### Given records ###

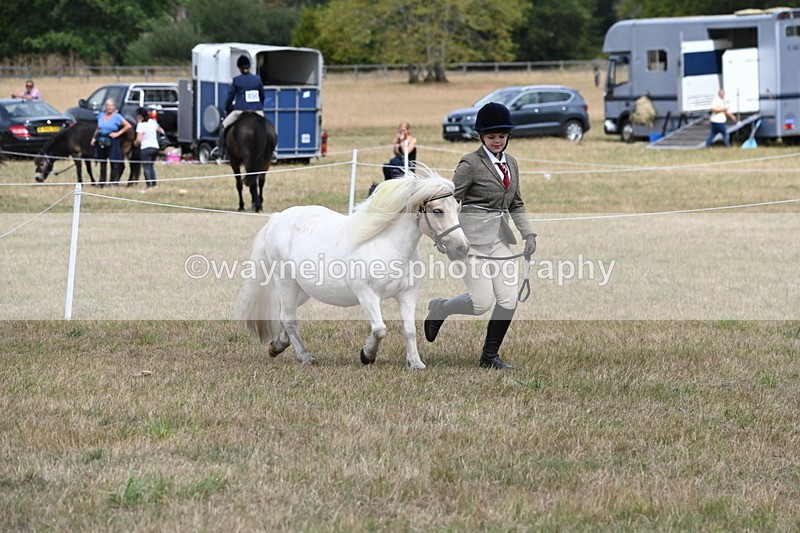 WJ6_5938 - Class 19 In-hand Veterans (Uploaded correct folder)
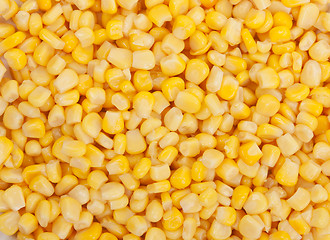 Image showing Background of corn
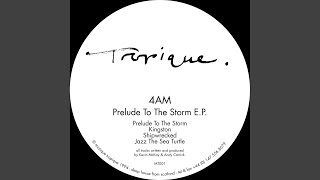 Shipwrecked (Original Mix)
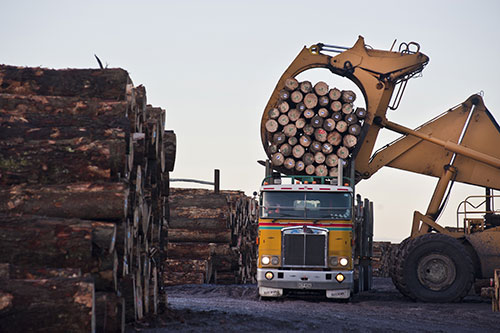 Expoforest 2023: Gerenciamento por software e câmeras com IA são tendência nos setores florestal e de transporte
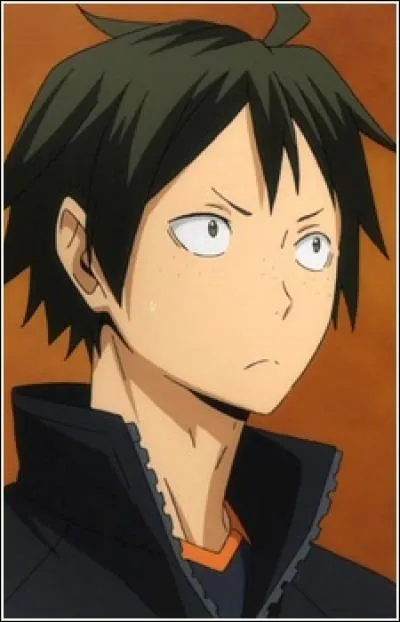 Quel est le seiyuu de Yamaguchi Tadashi (Haikyuu) ?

###

**Aim of the task:** Please return only the lines from the one holding "Shipwrecked (Original Mix)" through the end of the data, both ends included; do not copy any pictures.

**Solved exercise:**
 Shipwrecked (Original Mix)
 Expoforest 2023: Gerenciamento por software e câmeras com IA são tendência nos setores florestal e de transporte
 Quel est le seiyuu de Yamaguchi Tadashi (Haikyuu) ?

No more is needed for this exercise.